**Work order**
The answer must be only the lines below from the one holding "Kenja No Mago" down to the one holding "Nieuwe Methode voor", ends included, printed exactly; please omit all pictures.

**Provided information**

==================================================

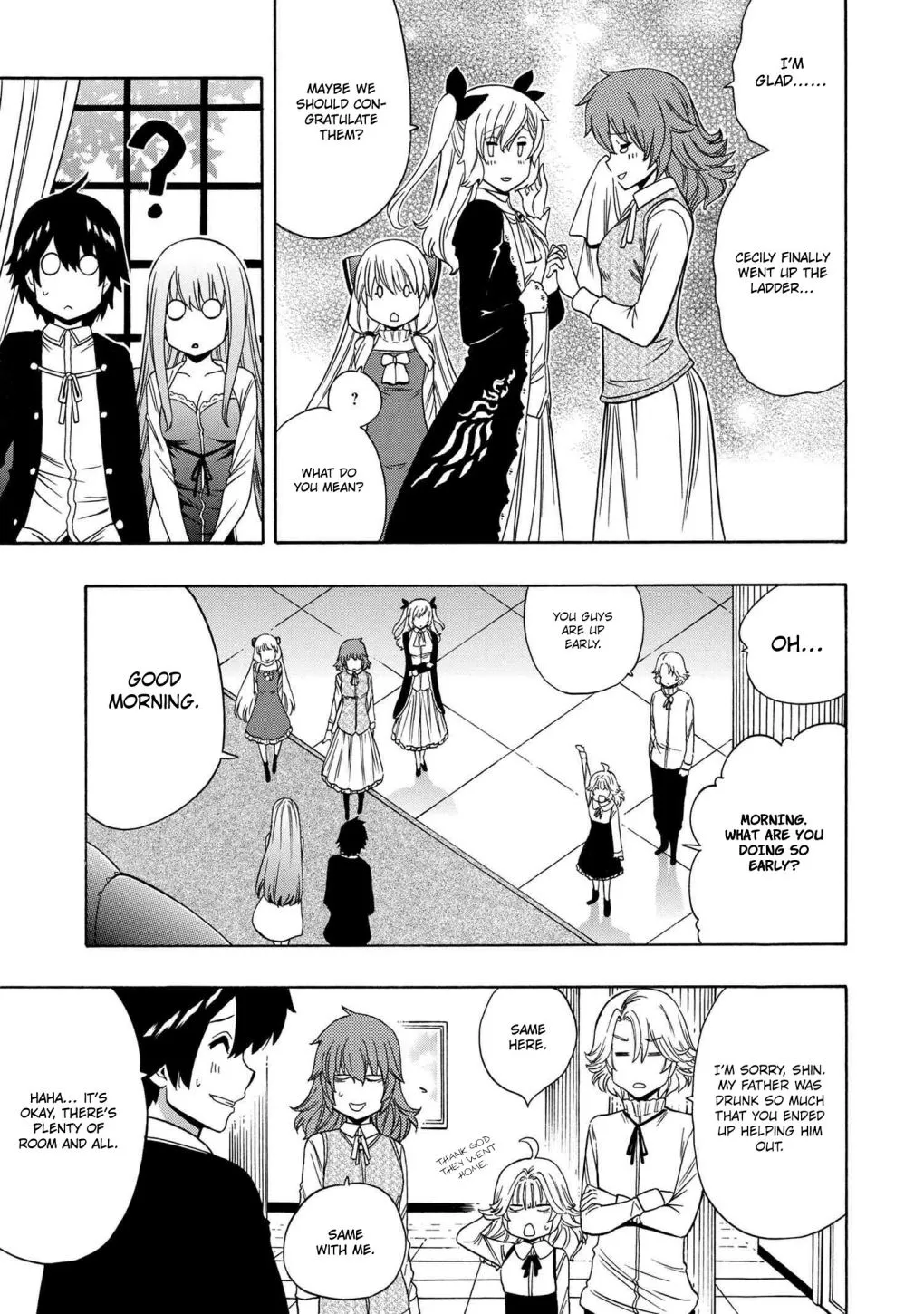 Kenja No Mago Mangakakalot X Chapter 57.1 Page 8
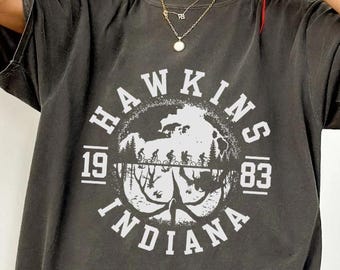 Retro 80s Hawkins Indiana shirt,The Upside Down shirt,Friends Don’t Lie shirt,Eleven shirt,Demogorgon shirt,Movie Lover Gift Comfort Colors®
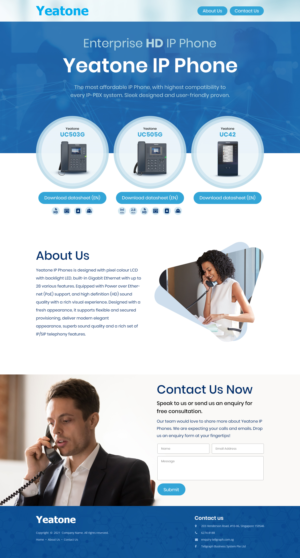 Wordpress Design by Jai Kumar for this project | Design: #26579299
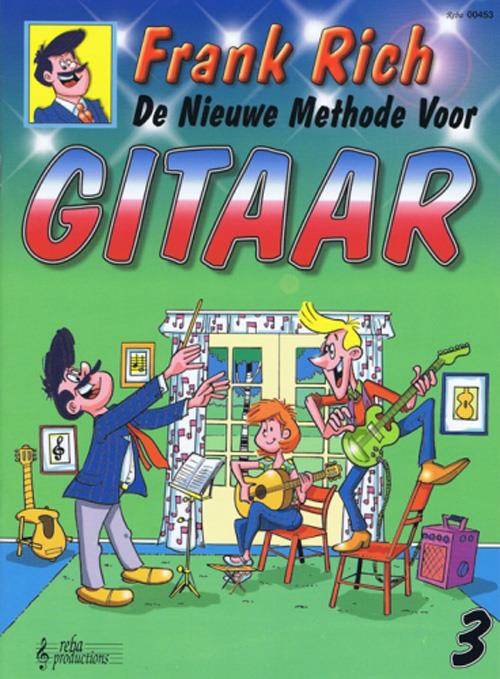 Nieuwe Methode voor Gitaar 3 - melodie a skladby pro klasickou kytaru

==================================================

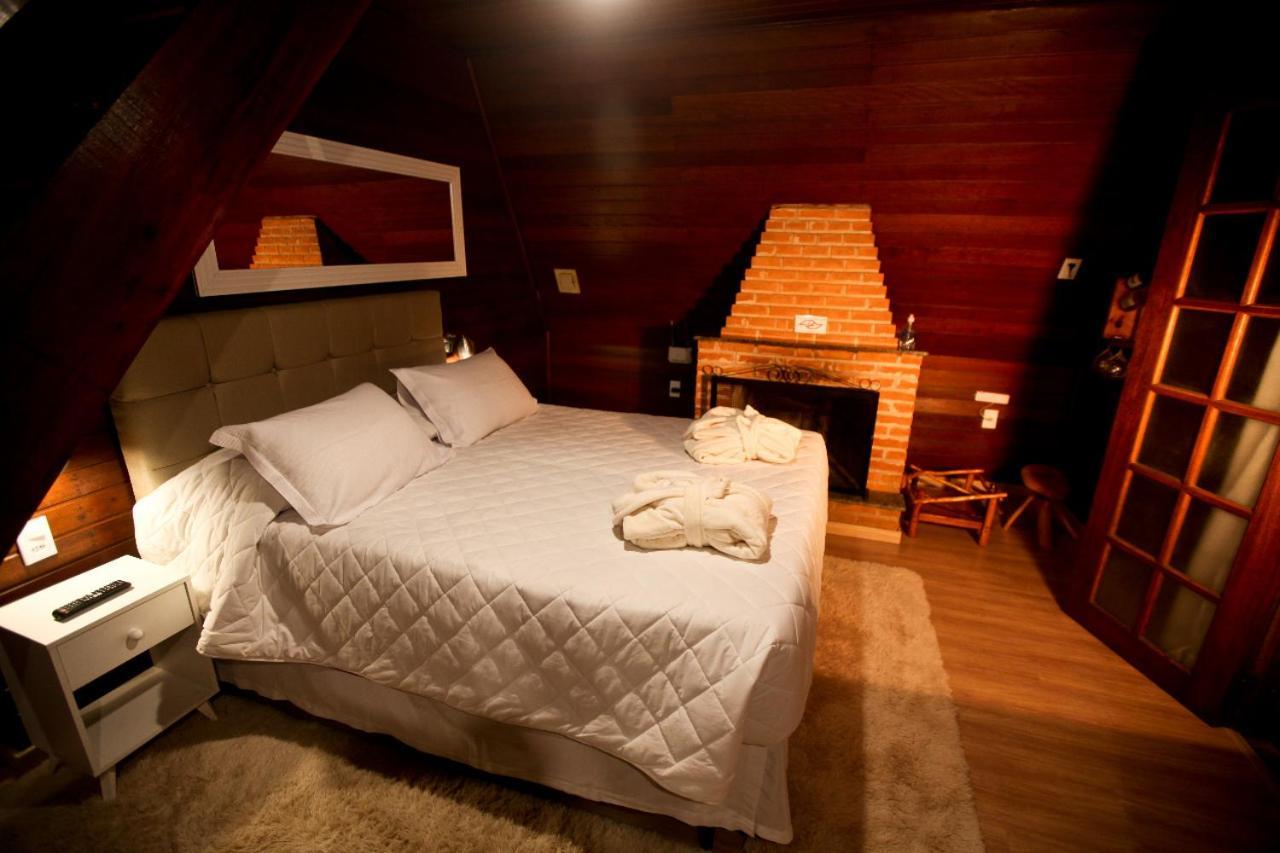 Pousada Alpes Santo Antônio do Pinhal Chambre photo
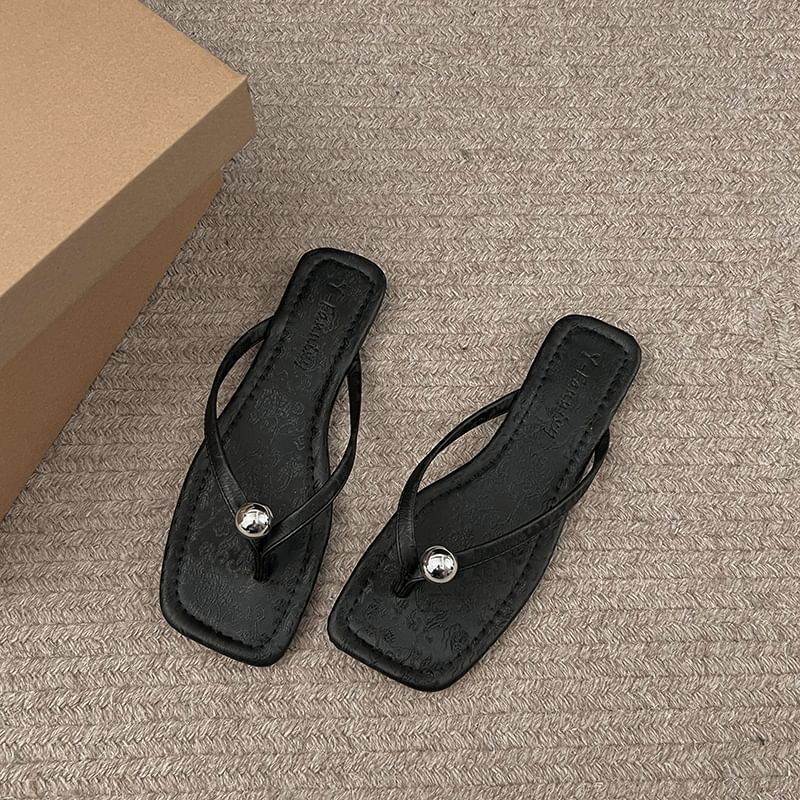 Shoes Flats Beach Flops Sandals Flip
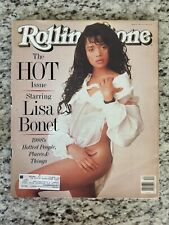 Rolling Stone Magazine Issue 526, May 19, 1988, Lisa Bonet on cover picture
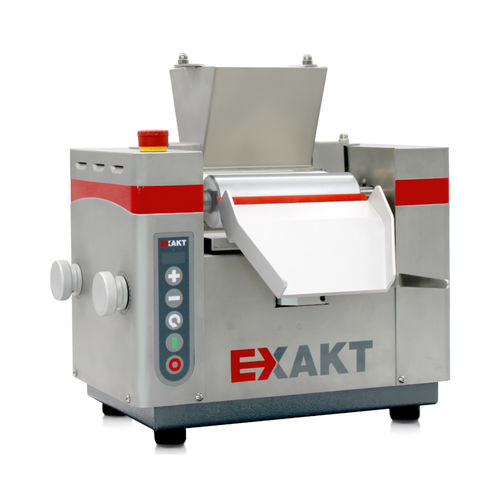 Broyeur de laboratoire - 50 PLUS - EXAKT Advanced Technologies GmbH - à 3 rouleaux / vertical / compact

==================================================

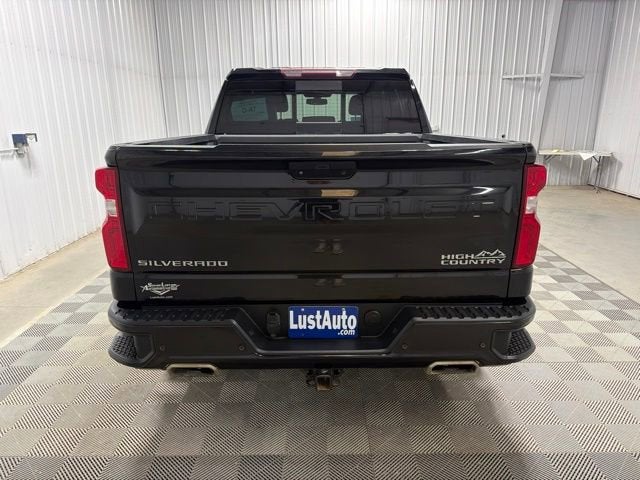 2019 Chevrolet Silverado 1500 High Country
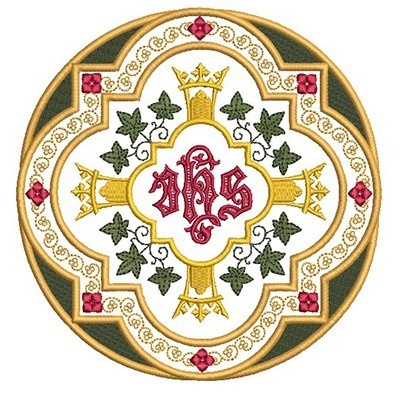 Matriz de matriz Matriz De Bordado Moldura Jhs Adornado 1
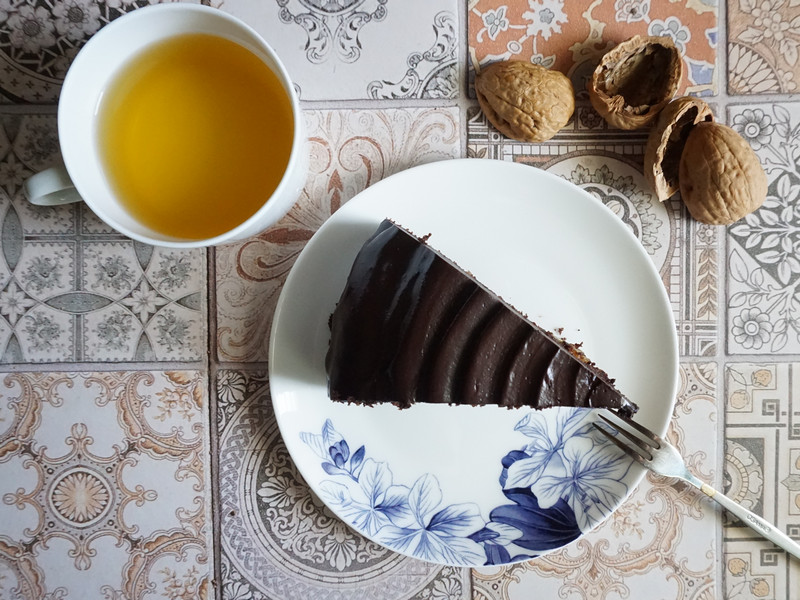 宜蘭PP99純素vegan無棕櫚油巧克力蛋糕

==================================================

**Answer area**
 Kenja No Mago Mangakakalot X Chapter 57.1 Page 8
 Retro 80s Hawkins Indiana shirt,The Upside Down shirt,Friends Don’t Lie shirt,Eleven shirt,Demogorgon shirt,Movie Lover Gift Comfort Colors®
 Wordpress Design by Jai Kumar for this project | Design: #26579299
 Nieuwe Methode voor Gitaar 3 - melodie a skladby pro klasickou kytaru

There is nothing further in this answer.